** Brief descriptive captions **
- Opening Delimiter -

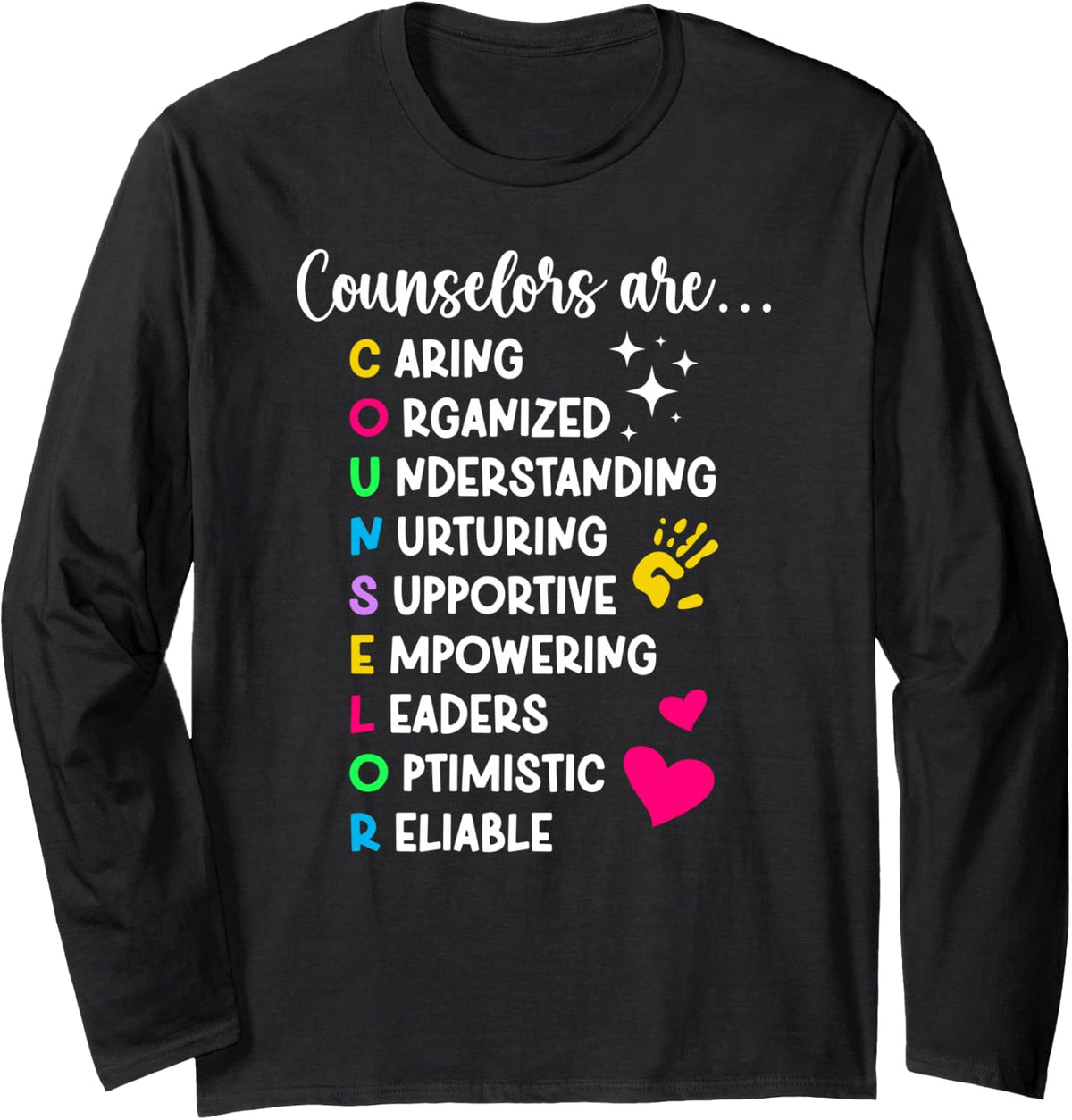 School Counselor Appreciation School Counseling Long Sleeve T-Shirt - Adult Unisex Black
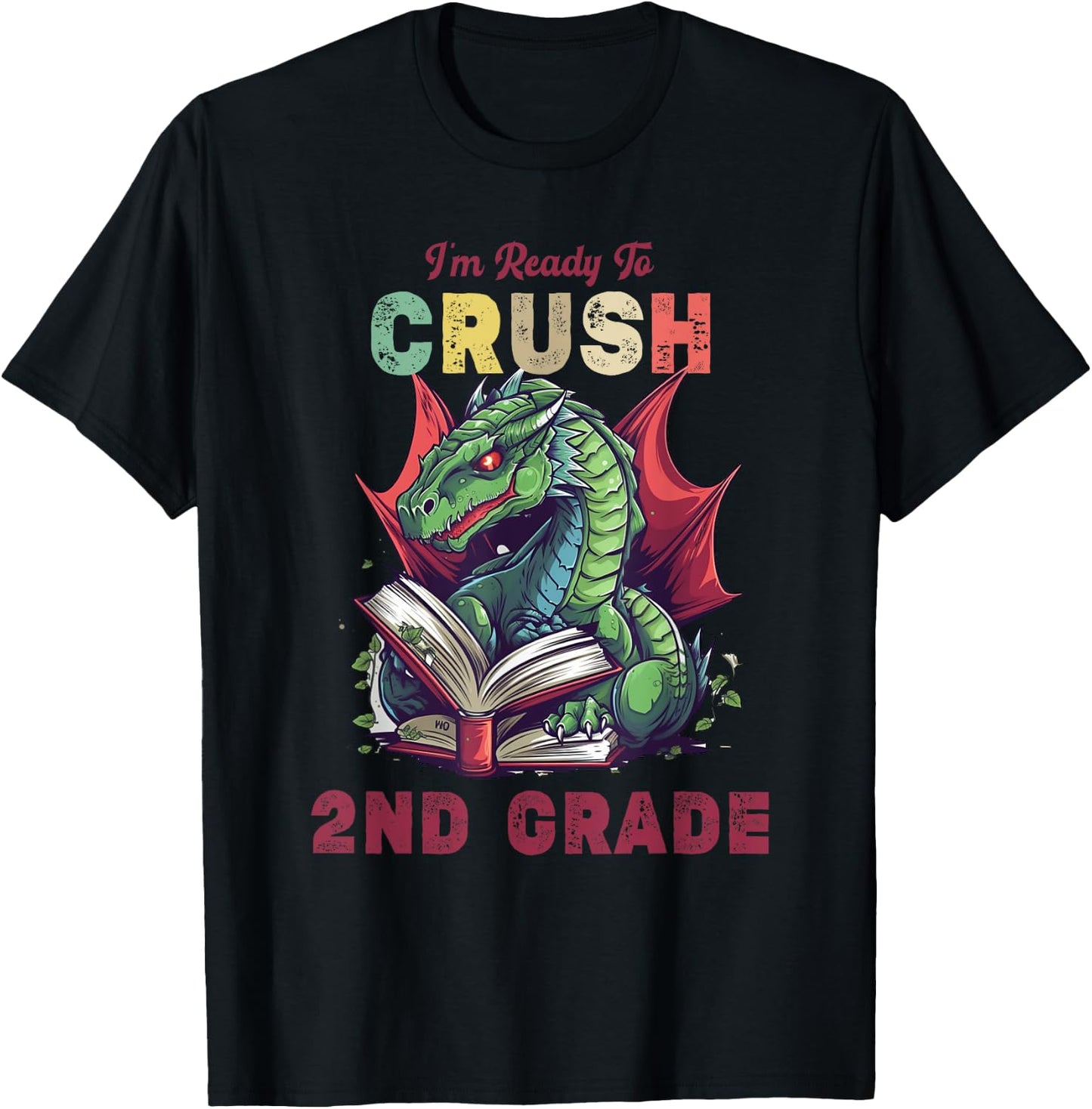 I'm Ready To Crush 2nd Grade Dragon Back To School Kids T-Shirt - T-Shirt | Black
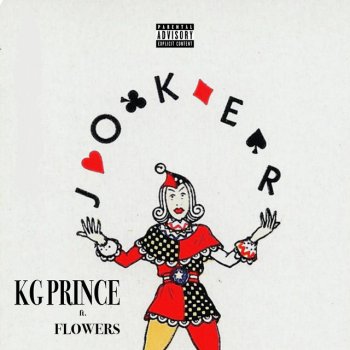 Kg Prince feat. Flowers Joker (feat. Flowers)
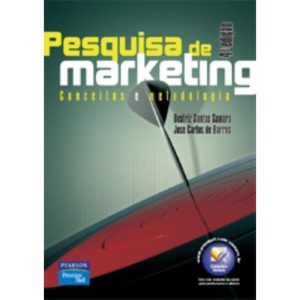 PESQUISA DE MARKETING: CONCEITOS E METODOLOGIA - PEARSON UNIVERSIDADES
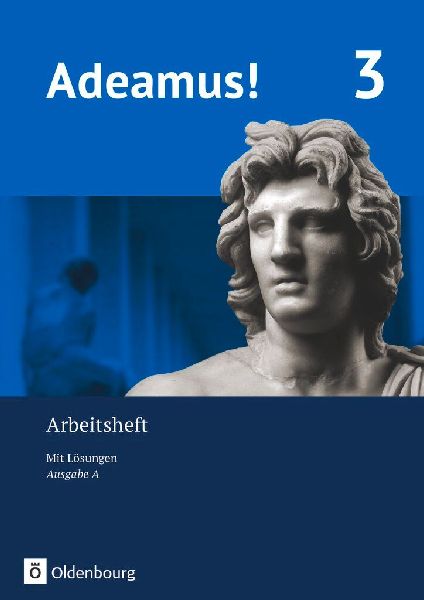 Adeamus! - Ausgabe A - Arbeitsheft 3 mit Lösungen - Latein al...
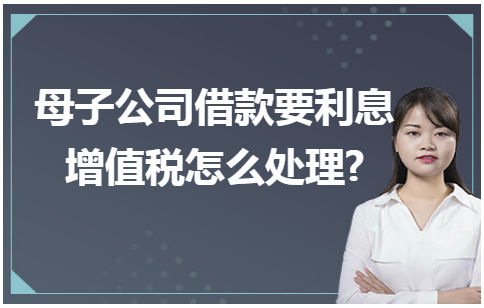 母子公司借款要利息增值税怎么处理 会计实务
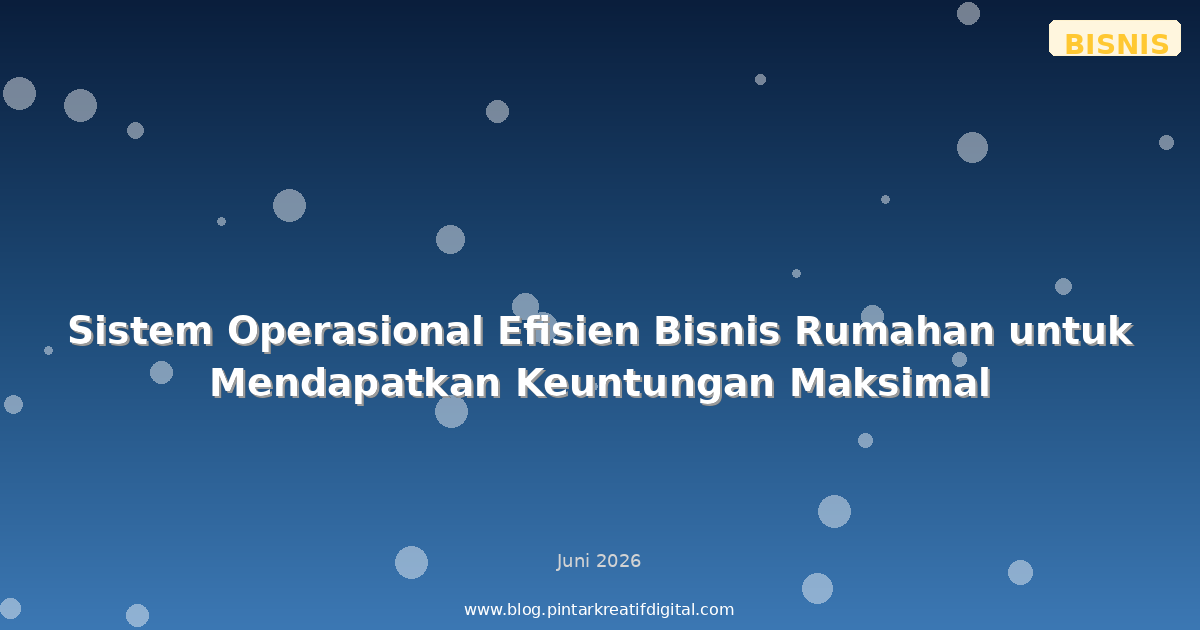 Sistem Operasional Efisien Bisnis Rumahan untuk Mendapatkan Keuntungan Maksimal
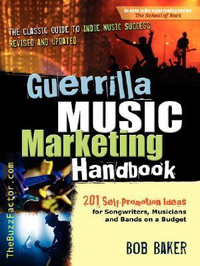 Cover for Guerrilla Music Marketing Handbook: 201 Self-Promotion Ideas for Songwriters, Musicians and Bands on a Budget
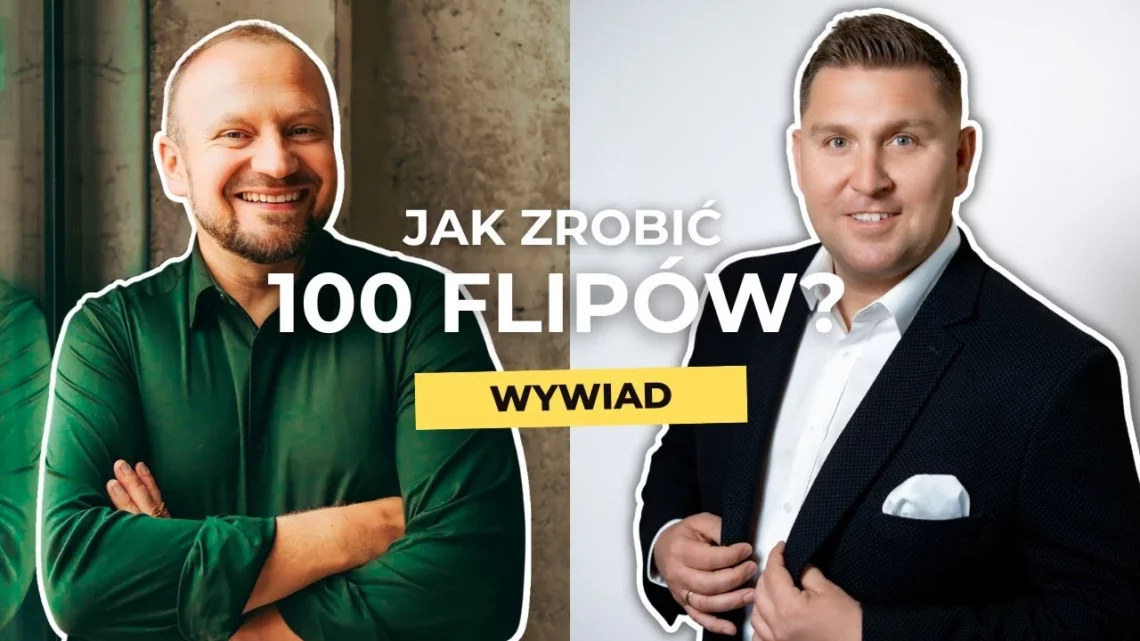 Rozpocznij flipowanie nieruchomości - wywiad z Mariuszem Ostapowiczem, czyli jak zrobić 100 flipów?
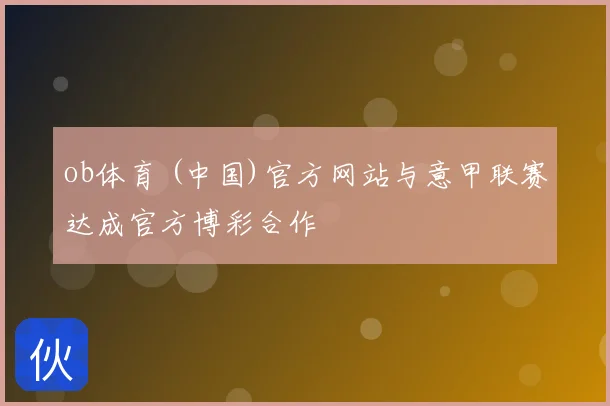 ob体育 (中国)官方网站与意甲联赛达成官方博彩合作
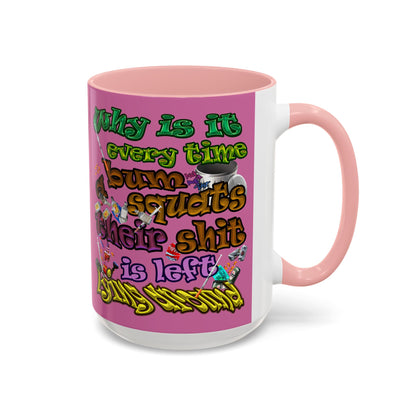 the bum's shit - Accent Mug (light pink)
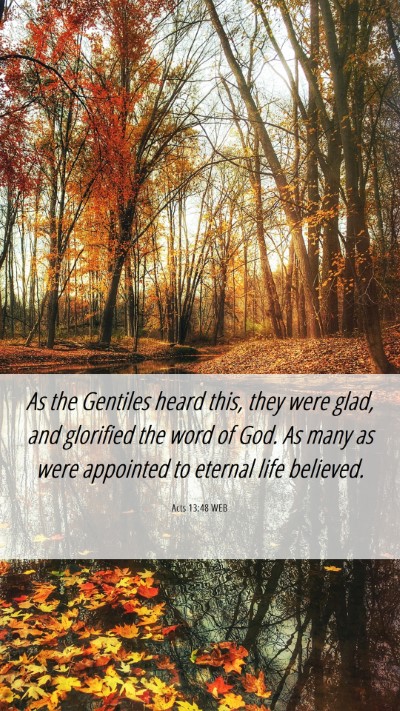 Picture 06 - Acts 13:48 WEB Mobile Phone Wallpaper - As the Gentiles heard this, they were glad, and - Mobile Bible Verse Wallpaper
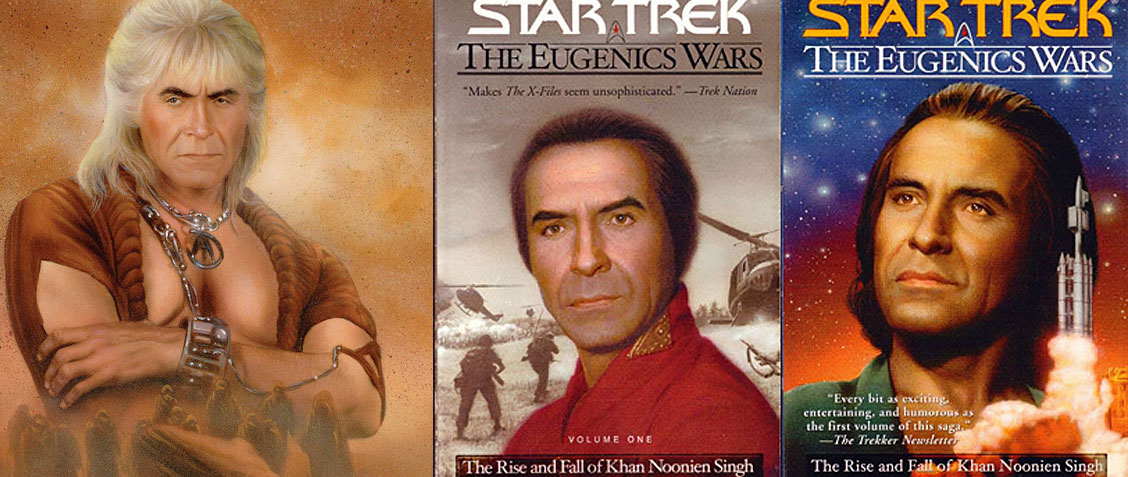 Trek Tuesday Mixing History and Star Trek: Greg Cox’s Eugenics Wars Novels Revisited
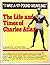 Life and Times of Charles A...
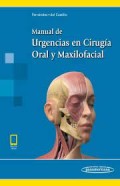 MANUAL DE URGENCIAS EN CIRUGIA ORAL Y MAXILOFACIAL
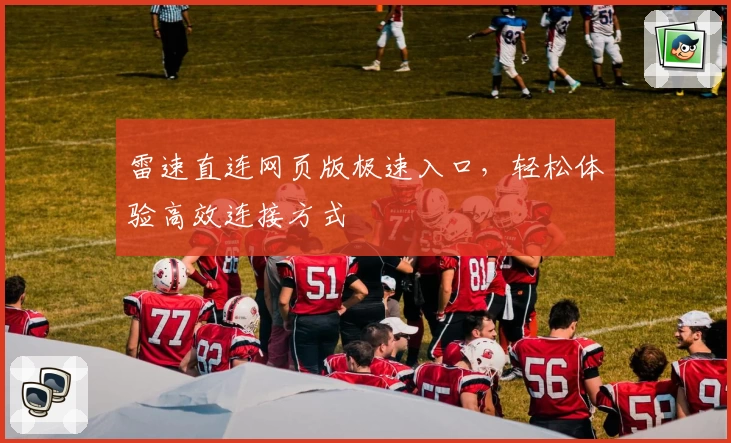雷速直连网页版极速入口，轻松体验高效连接方式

- Closing Delimiter -

** Problem to solve **
Restate every entry above word for word; no picture belongs in the copy.

** Task answer **
 School Counselor Appreciation School Counseling Long Sleeve T-Shirt - Adult Unisex Black
 I'm Ready To Crush 2nd Grade Dragon Back To School Kids T-Shirt - T-Shirt | Black
 Kg Prince feat. Flowers Joker (feat. Flowers)
 PESQUISA DE MARKETING: CONCEITOS E METODOLOGIA - PEARSON UNIVERSIDADES
 Adeamus! - Ausgabe A - Arbeitsheft 3 mit Lösungen - Latein al...
 母子公司借款要利息增值税怎么处理 会计实务
 Sistem Operasional Efisien Bisnis Rumahan untuk Mendapatkan Keuntungan Maksimal
 Cover for Guerrilla Music Marketing Handbook: 201 Self-Promotion Ideas for Songwriters, Musicians and Bands on a Budget
 Rozpocznij flipowanie nieruchomości - wywiad z Mariuszem Ostapowiczem, czyli jak zrobić 100 flipów?
 ob体育 (中国)官方网站与意甲联赛达成官方博彩合作
 the bum's shit - Accent Mug (light pink)
 Picture 06 - Acts 13:48 WEB Mobile Phone Wallpaper - As the Gentiles heard this, they were glad, and - Mobile Bible Verse Wallpaper
 Trek Tuesday Mixing History and Star Trek: Greg Cox’s Eugenics Wars Novels Revisited
 Life and Times of Charles A...
 MANUAL DE URGENCIAS EN CIRUGIA ORAL Y MAXILOFACIAL
雷速直连网页版极速入口，轻松体验高效连接方式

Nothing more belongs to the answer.